## Exercise
Under this line sits a listing. Repeat exactly and only its lines from the one holding "Barnes & Noble 4" through the one holding "rode kruis evenementenhulpverlener"; skip pictures.

## Records provided
---+---

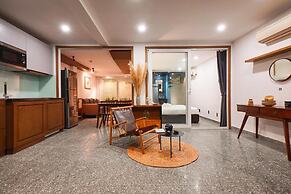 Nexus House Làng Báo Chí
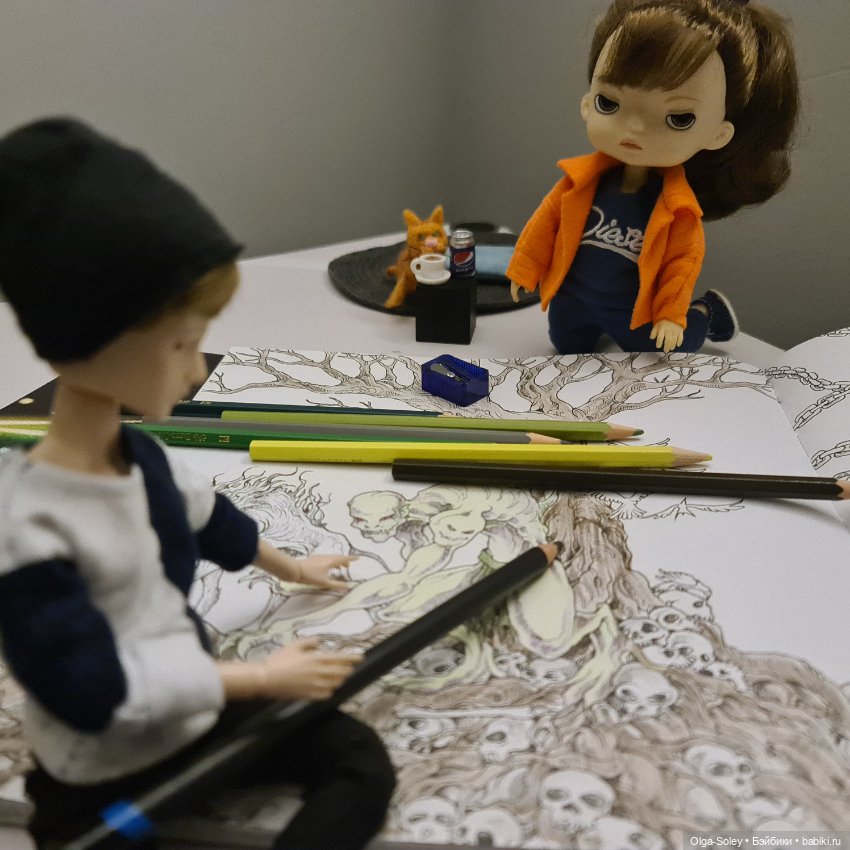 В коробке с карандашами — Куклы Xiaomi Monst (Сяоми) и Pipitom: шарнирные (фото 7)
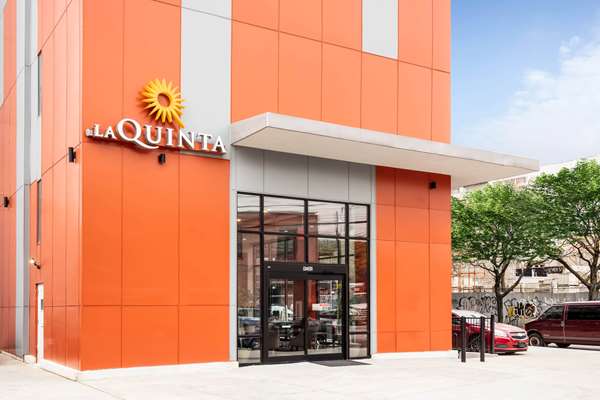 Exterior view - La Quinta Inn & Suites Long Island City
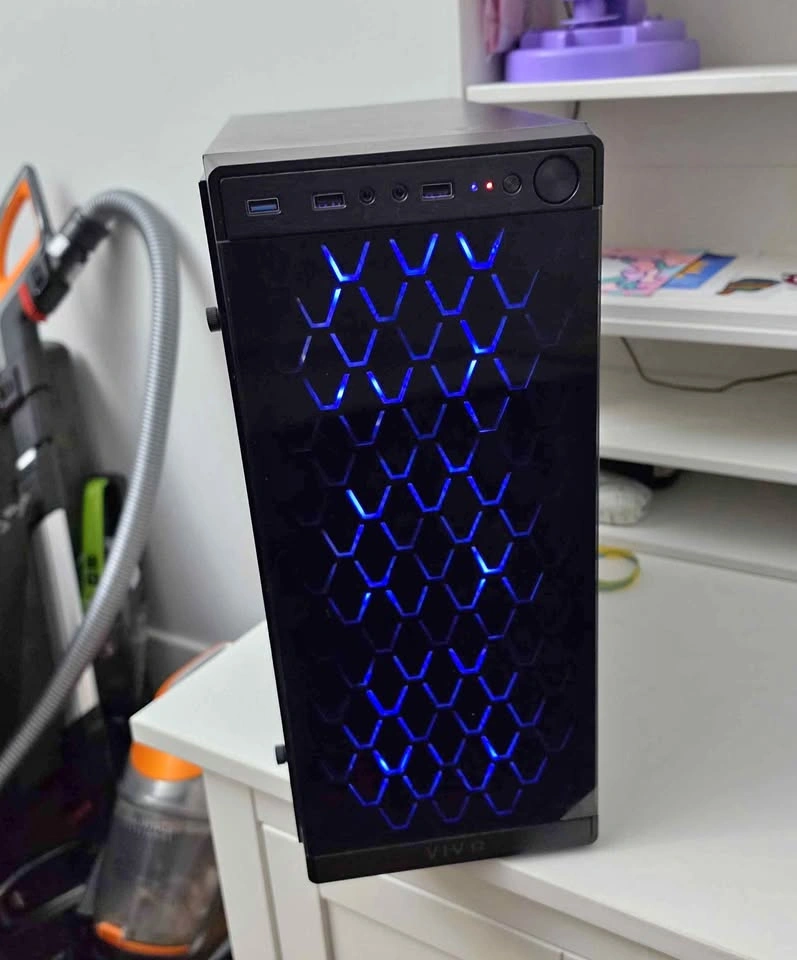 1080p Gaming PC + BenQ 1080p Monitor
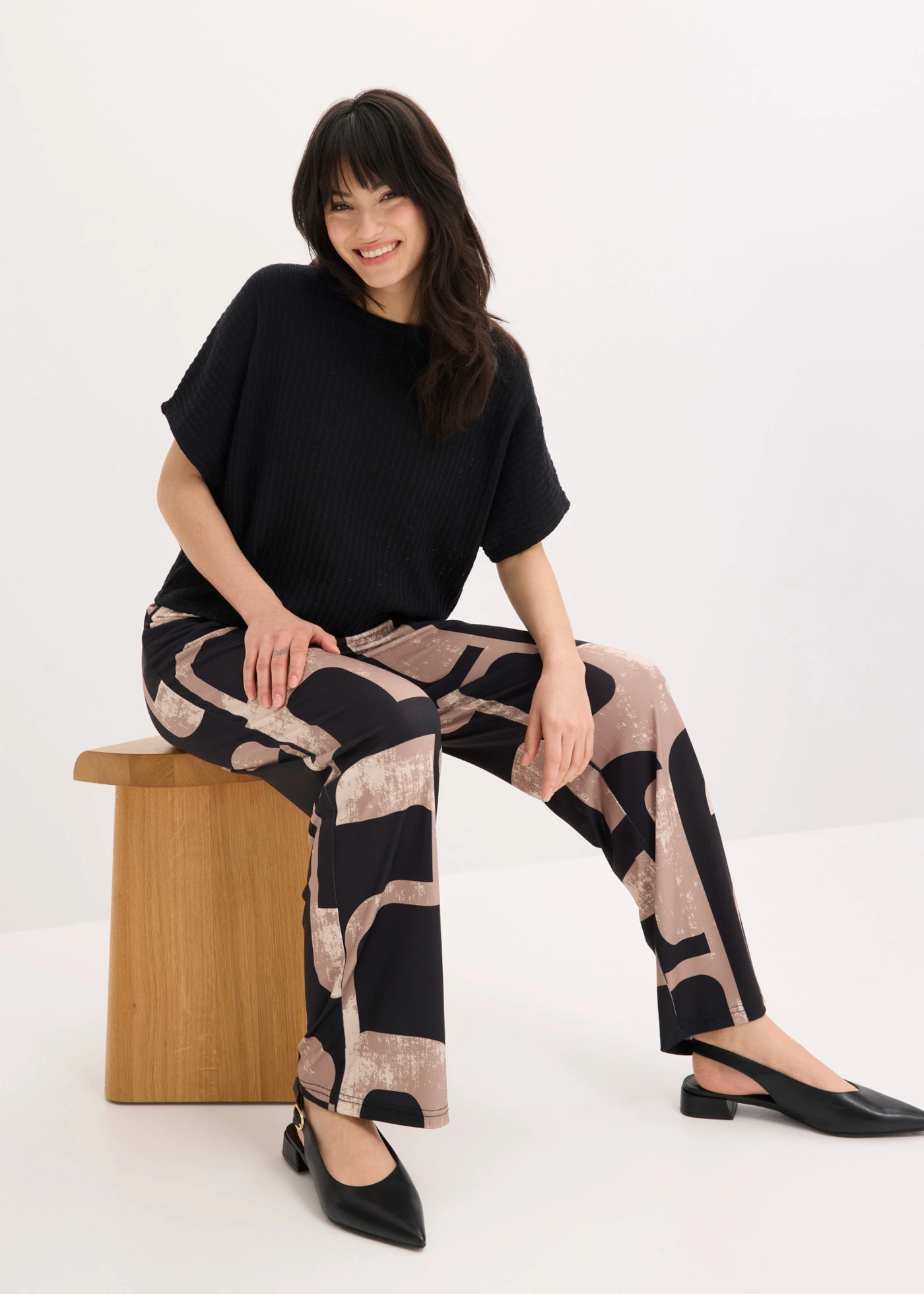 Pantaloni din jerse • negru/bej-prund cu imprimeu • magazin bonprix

---+---

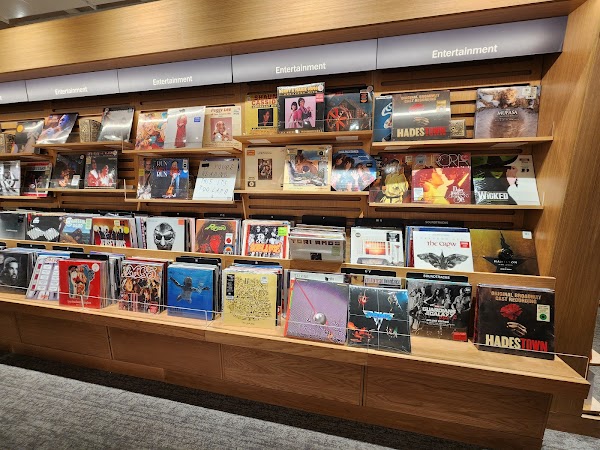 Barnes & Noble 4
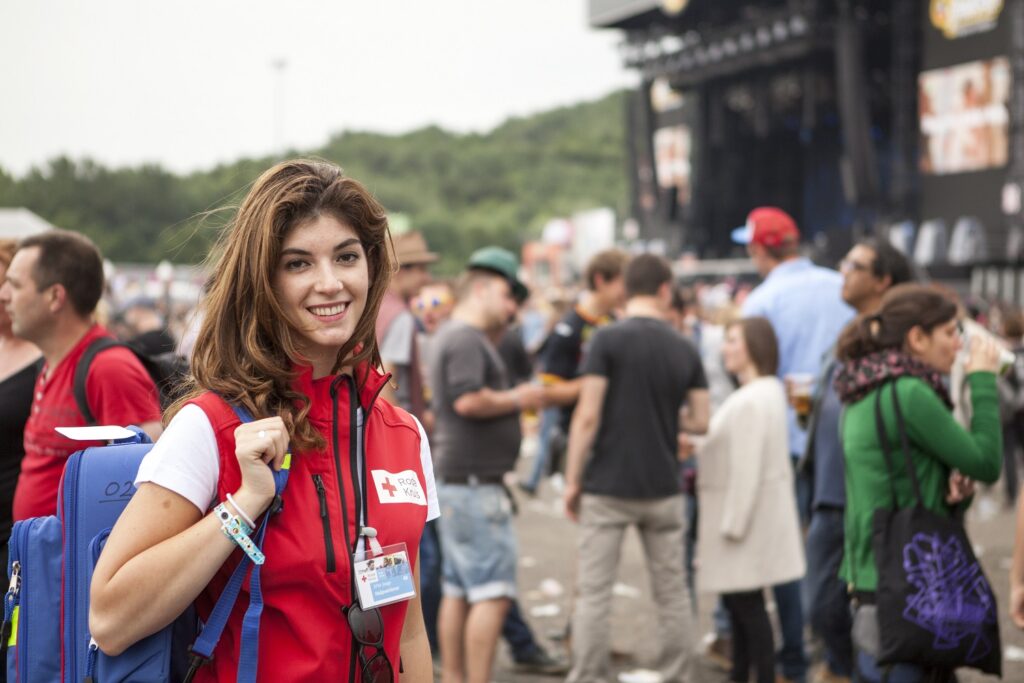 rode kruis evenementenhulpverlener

---+---

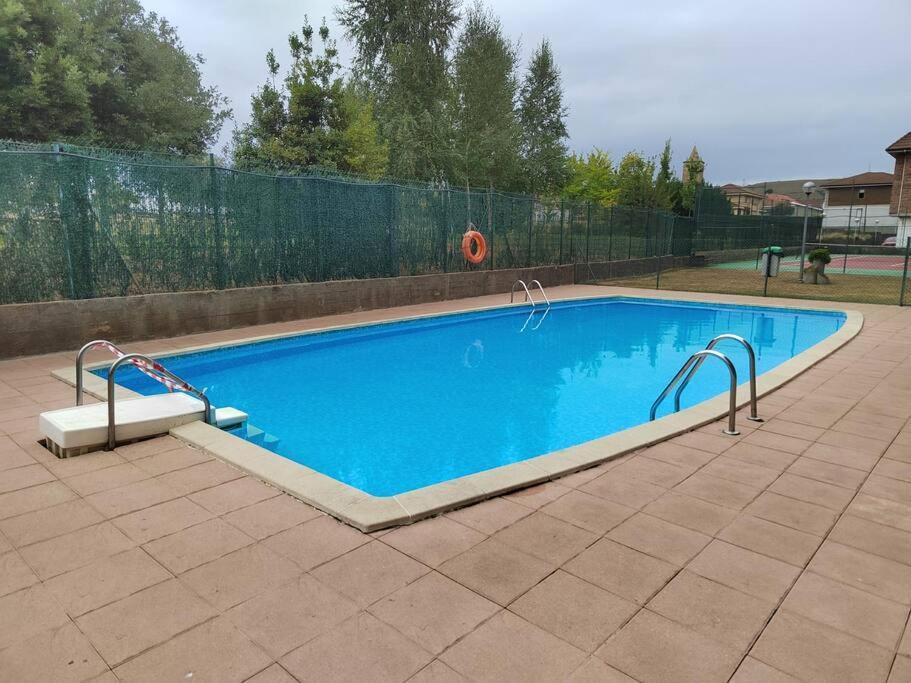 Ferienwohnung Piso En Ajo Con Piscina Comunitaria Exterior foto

---+---

## Exercise result
 Barnes & Noble 4
 rode kruis evenementenhulpverlener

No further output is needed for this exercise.